*Records for the task*.
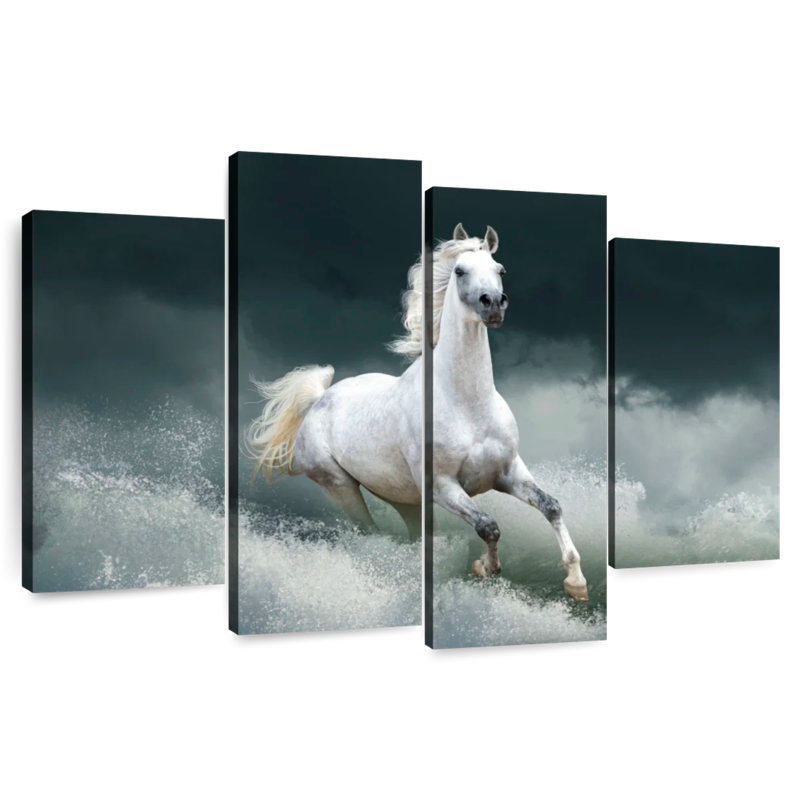 Cheval qui court sur l'eau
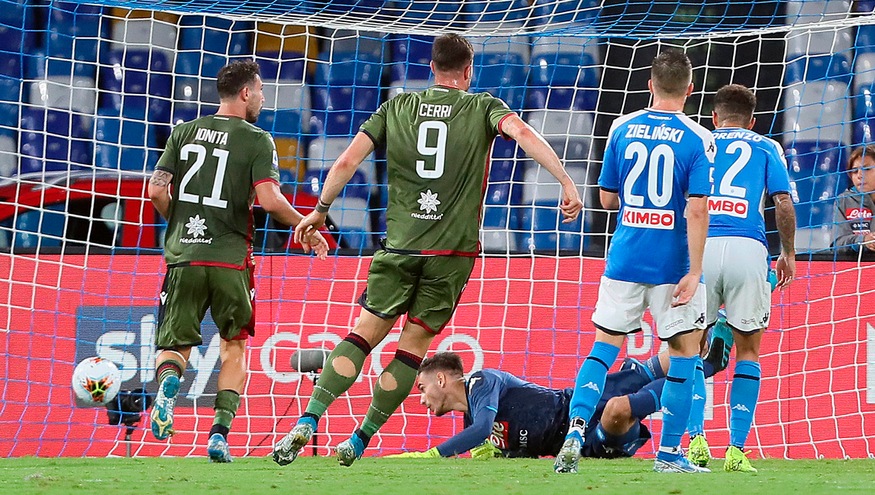 Napoli-Cagliari 0-1, il tabellino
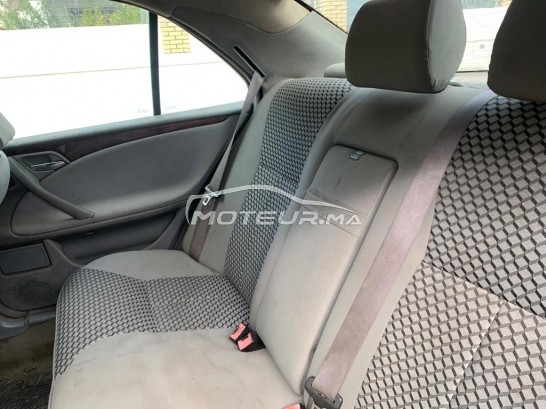 ميرسيديس-بينز 220 E220 مستعملة 1761102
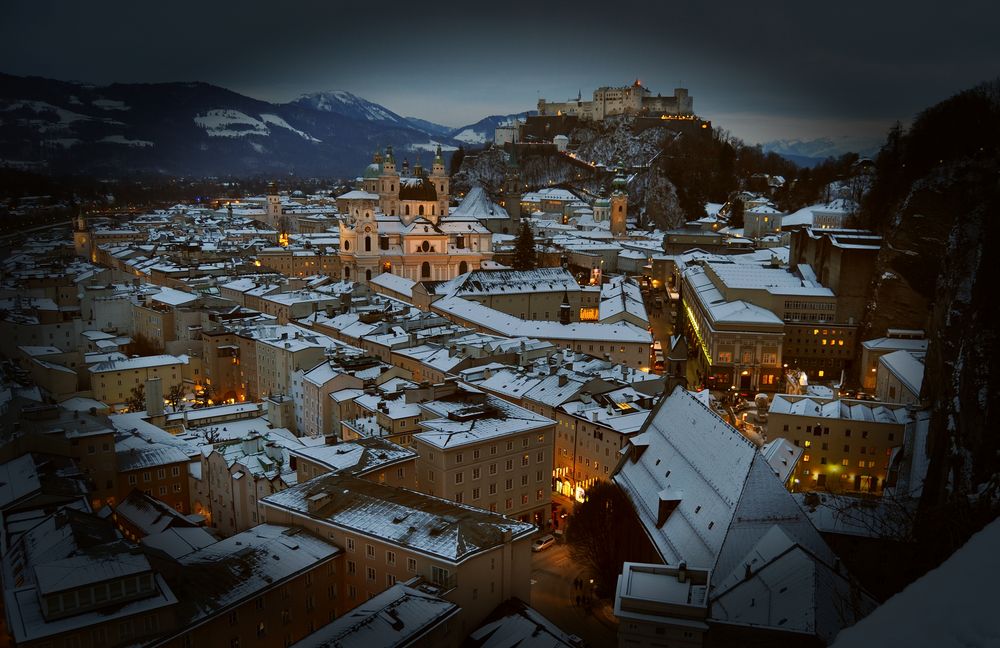 Blick vom Mönchsberg auf das adventliche Salzburg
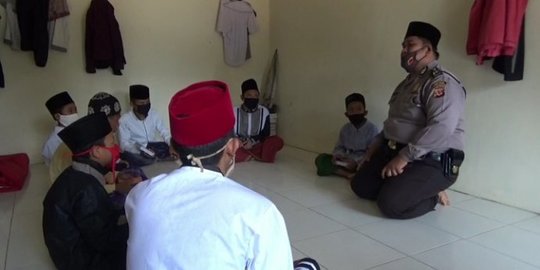 Abah Budiman, Polisi Inspiratif Purwakarta yang Dirikan Pesantren Bagi Warga Miskin
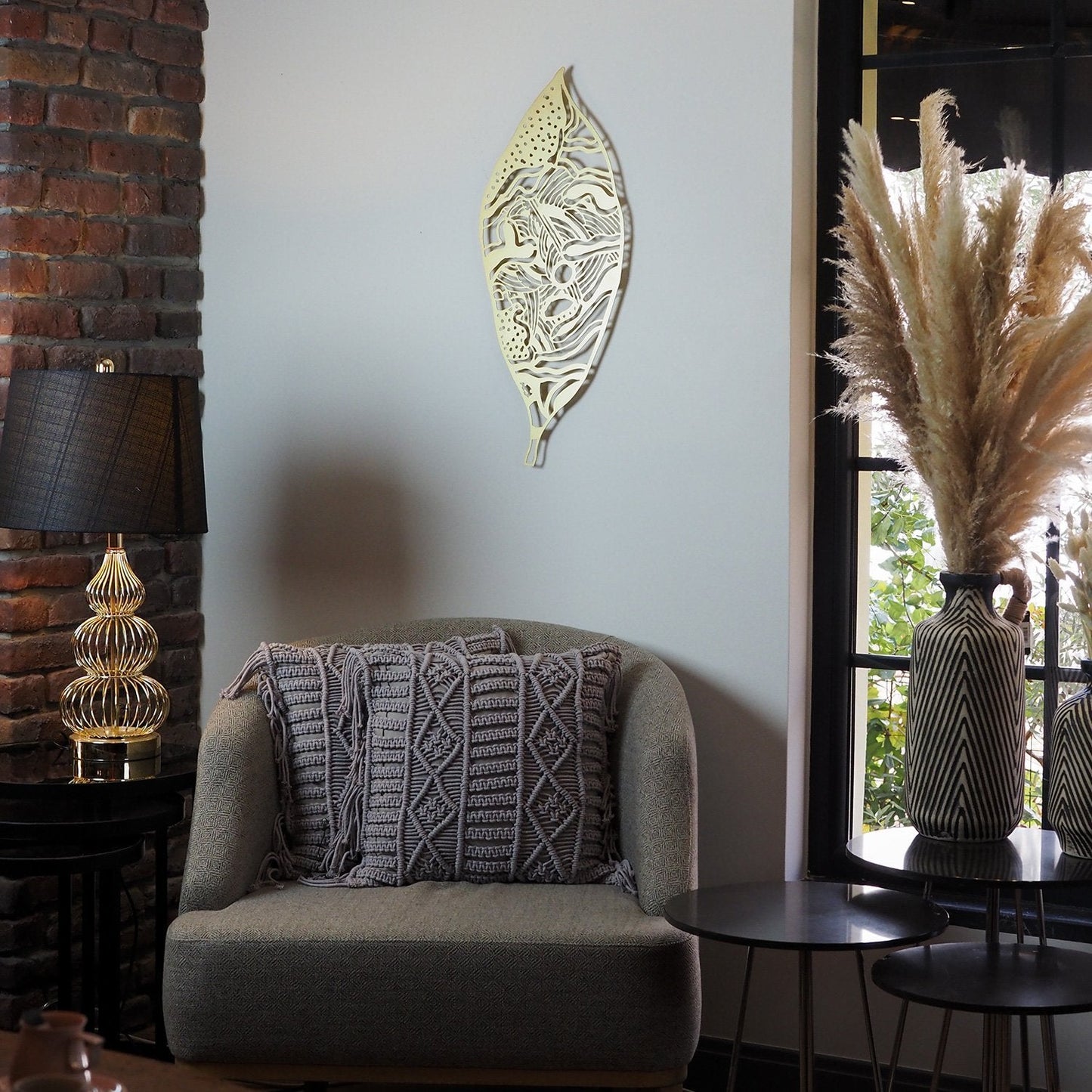 Esin Kalender Leaf Metal Wall Art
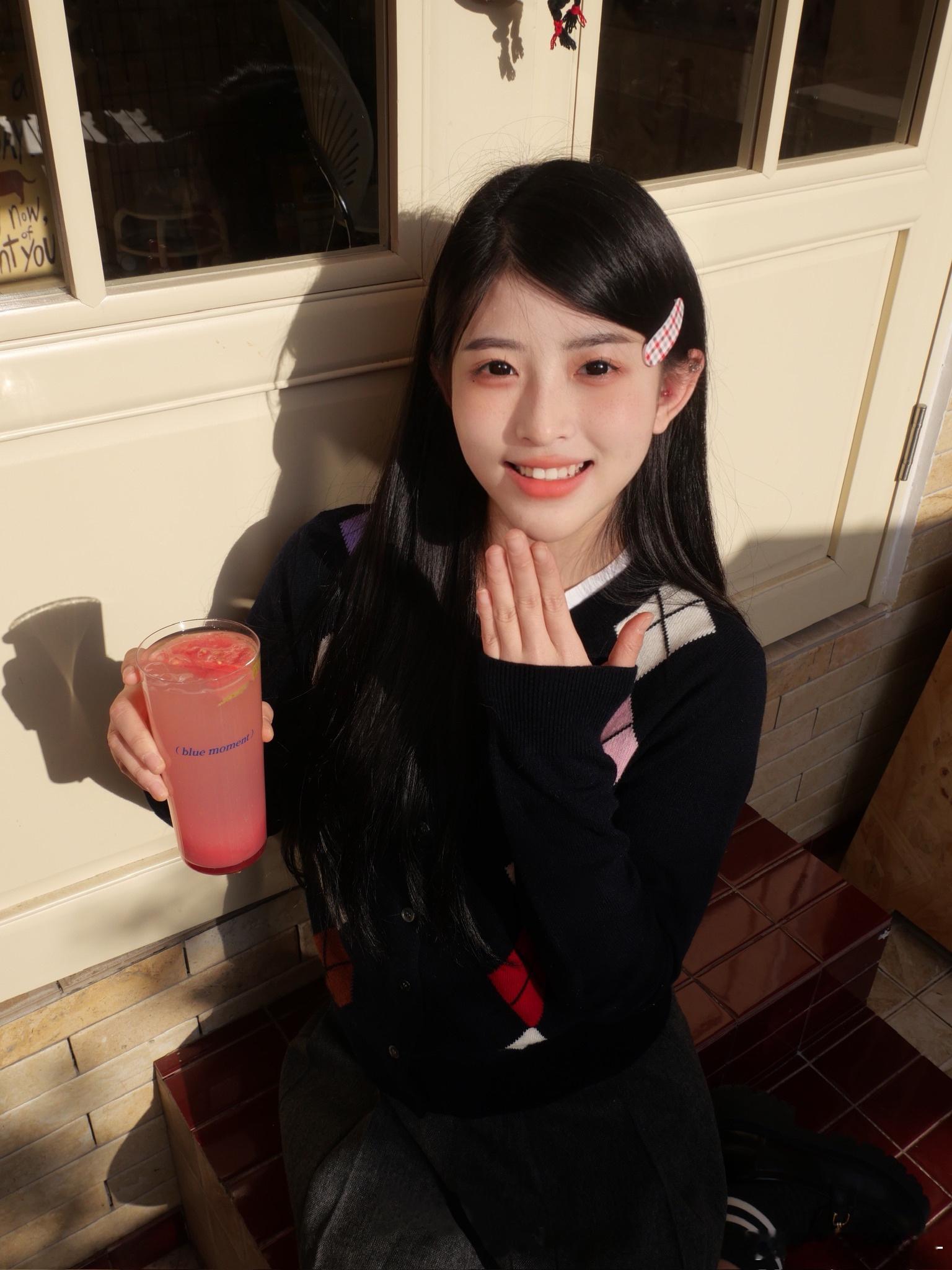 这家腊肠狗狗店老板真的真的超级好 ！！ 活该赚大钱不小心打碎了一个杯子 我马上主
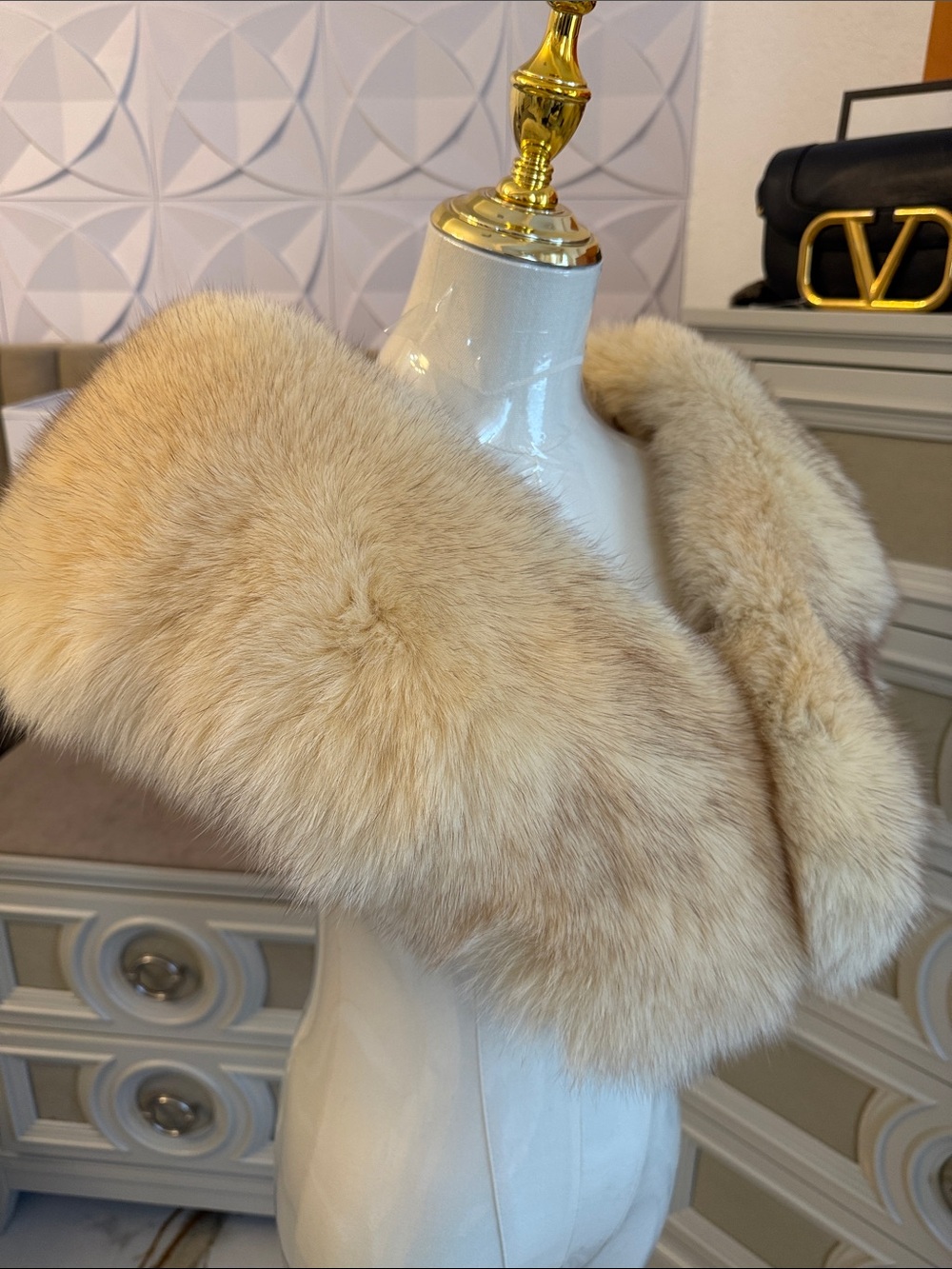 Saga fox fur stole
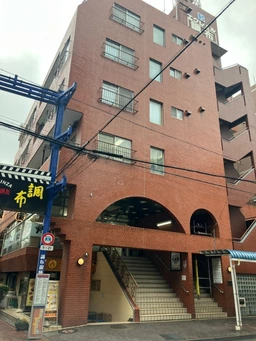 「調布」駅中央口徒歩5分、旧甲州街道沿い、事務所仕様、サービス業歓迎外観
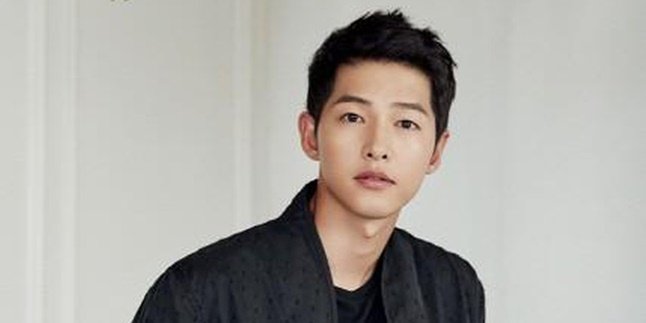 Photo of Song Joong Ki Shooting Drama 'VINCENZO' Circulates, Looking Handsome in a Suit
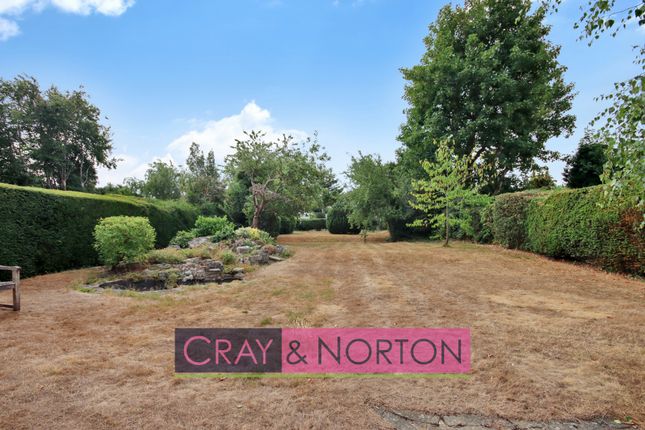 4 bed detached house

*What to work on*. Keep the pictures out of the copy and return the rest of the data above exactly.

*Exercise response*.
 Cheval qui court sur l'eau
 Napoli-Cagliari 0-1, il tabellino
 ميرسيديس-بينز 220 E220 مستعملة 1761102
 Blick vom Mönchsberg auf das adventliche Salzburg
 Abah Budiman, Polisi Inspiratif Purwakarta yang Dirikan Pesantren Bagi Warga Miskin
 Esin Kalender Leaf Metal Wall Art
 这家腊肠狗狗店老板真的真的超级好 ！！ 活该赚大钱不小心打碎了一个杯子 我马上主
 Saga fox fur stole
 「調布」駅中央口徒歩5分、旧甲州街道沿い、事務所仕様、サービス業歓迎外観
 Photo of Song Joong Ki Shooting Drama 'VINCENZO' Circulates, Looking Handsome in a Suit
 4 bed detached house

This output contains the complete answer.